Geplante Stadtteile: Itzling, Parsch, Liefering, Gnigl, Salzburg-Süd und Hellbrunn, Lehen, Schallmoos, Andräviertel und Nonntal.

Die ausgewählten Projekte

„Einfach schreiben“ (Hanna Roth) – Schreibworkshops
Die Poetin Hanna Roth lädt in zwei 90-minütigen After-Work-Schreibworkshops im öffentlichen Raum dazu ein, mit Sprache zu experimentieren. Inspiriert von Natur und Alltagsobjekten entstehen Texte – von Listen bis zum Bewusstseinsstrom. Der Abschluss verbindet Schreiben mit Poetry Slam, Musik und Tanz. Das Projekt hinterfragt elitäre Kunstbegriffe und betont den Mut zum persönlichen Ausdruck.

„Du siehst was, was ich nicht sehe?“ (Elisabeth Stiebritz, Helena Kalleitner, Pia Jakober, Katharina Wimmer) – Cyanotypie-Fotoworkshops
Ein Team aus vier Künstlerinnen bringt ein fotografisches Verfahren aus dem 19. Jahrhundert auf die Straße: Cyanotypie, auch bekannt als Blaudruck oder Solarfotografie. Mit lichtempfindlicher Lösung und der Kraft der Sonne entstehen direkt auf Papier Bilder – ohne komplizierte Technik. Passant:innen können spontan teilnehmen, eigene Motive einbringen und ihre fertigen Werke mitnehmen oder an einer Wäscheleine ausstellen.

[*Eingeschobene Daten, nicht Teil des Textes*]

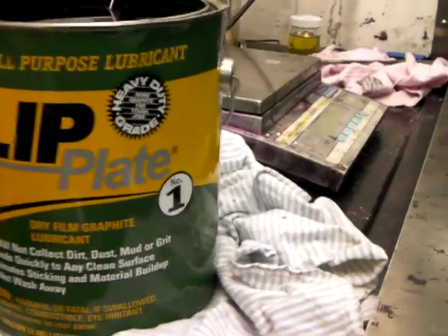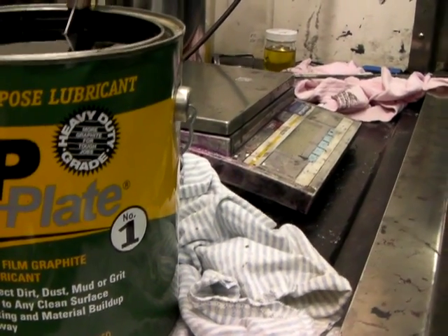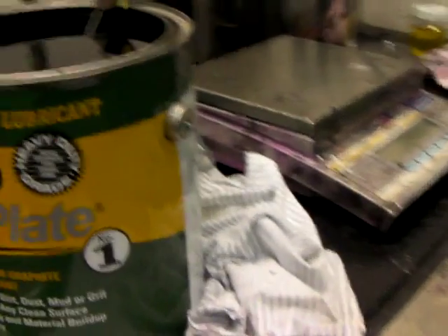There's the product — they make dry film graphite lubricant. Fluid? Number one. For first place, okay.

„Pintxucat / Inner Child“ (Kollektiv Stato Brado: Nis Fee Brender, Júlia Auladell, Francesco D’Amelio) – Tanz, Akrobatik, Clown
Das Tanz-Akrobatik-Clown-Duo des Kollektivs Stato Brado bespielt drei Spielplätze in drei verschiedenen Stadtteilen. Das Projekt richtet sich an Kinder – und an das innere Kind aller. Im Mittelpunkt steht die Frage, auf wie viele Arten man eine Rutsche hinunterrutschen kann. Verspieltheit als Form des Lernens und der Widerstandsfähigkeit: Das Projekt lädt Erwachsene ein, das zurückzuentdecken, was Kinder noch wissen.

„Unsichtbar“ (Anna Travaglia, Niki Sofia Kouma, Ryuna Hwa Lee) – Puppenspiel, Tanz, Live-Musik
Was geschieht hinter verschlossenen Türen? „Unsichtbar“ thematisiert häusliche Gewalt und Kontrolle – verstößt im Alltag, doch vor aller Augen verborgen. Das Ensemble nutzt Puppenspiel, Tanz und Live-Musik, um Phasen von Manipulation, Unterwerfung und Befreiung sichtbar zu machen. Das Publikum wird eingeladen, aktiv eine Rolle zu übernehmen und im Anschluss zu reflektieren.
„Offenes Atelier im Park“ (Felix Igler, Jasmin Hubmann) – Mobile Kunst- und Kulturstation
Das mobile Atelier „MoKuBa“ (Mobile Kunst und Kultur Basis) macht an drei Salzburger Parkstandorten Station: im Preuschenpark in Parsch, im Schlosspark Hellbrunn und im Volksgarten Parsch. Bewohner:innen werden zu einer künstlerischen Zeitreise eingeladen: Sie gravieren, brennen und formen Holz und Speckstein und entdecken dabei verborgene historische Schichten ihrer Nachbarschaft – von der römischen Geschichte bis zur Nachkriegszeit.

„Between the Lines“ (Flying Elephant) – Tanzperformance
Die Tanzperformance von Flying Elephant erkundet das Spannungsfeld zwischen Sichtbarkeit und Unsichtbarkeit, gesellschaftlicher Norm und gelebter Vielfalt. Nicht-binäre, gleichgeschlechtliche Tanzpaare arbeiten mit akrobatischem Partnering, Balance und körperlichem Dialog. Passant:innen werden eingeladen, selbst in Kontakt zu treten – und danach gemeinsam bei Kaffee und Kuchen ins Gespräch zu kommen.

Abschluss-Event am 20. September 2026 – ABZ Itzling

Alle sechs Projekte werden beim gemeinsamen Abschlussevent am 20. September 2026 beim ABZ Itzling in gekürzter Form zu erleben sein. Die Veranstaltung ist öffentlich und kostenlos.

City Encounters 2026 ist eine Initiative der Stadt Salzburg und wird aus den Fördermitteln der MA 2 – Kultur, Bildung und Wissen mit einem Gesamtbudget von 50.000 Euro finanziert. Die künstlerische Leitung und Kuratierung liegt bei Nayana Keshava Bhat, produziert wird das Programm von INFLUX – Netzwerk für Tanz, Theater und Performance.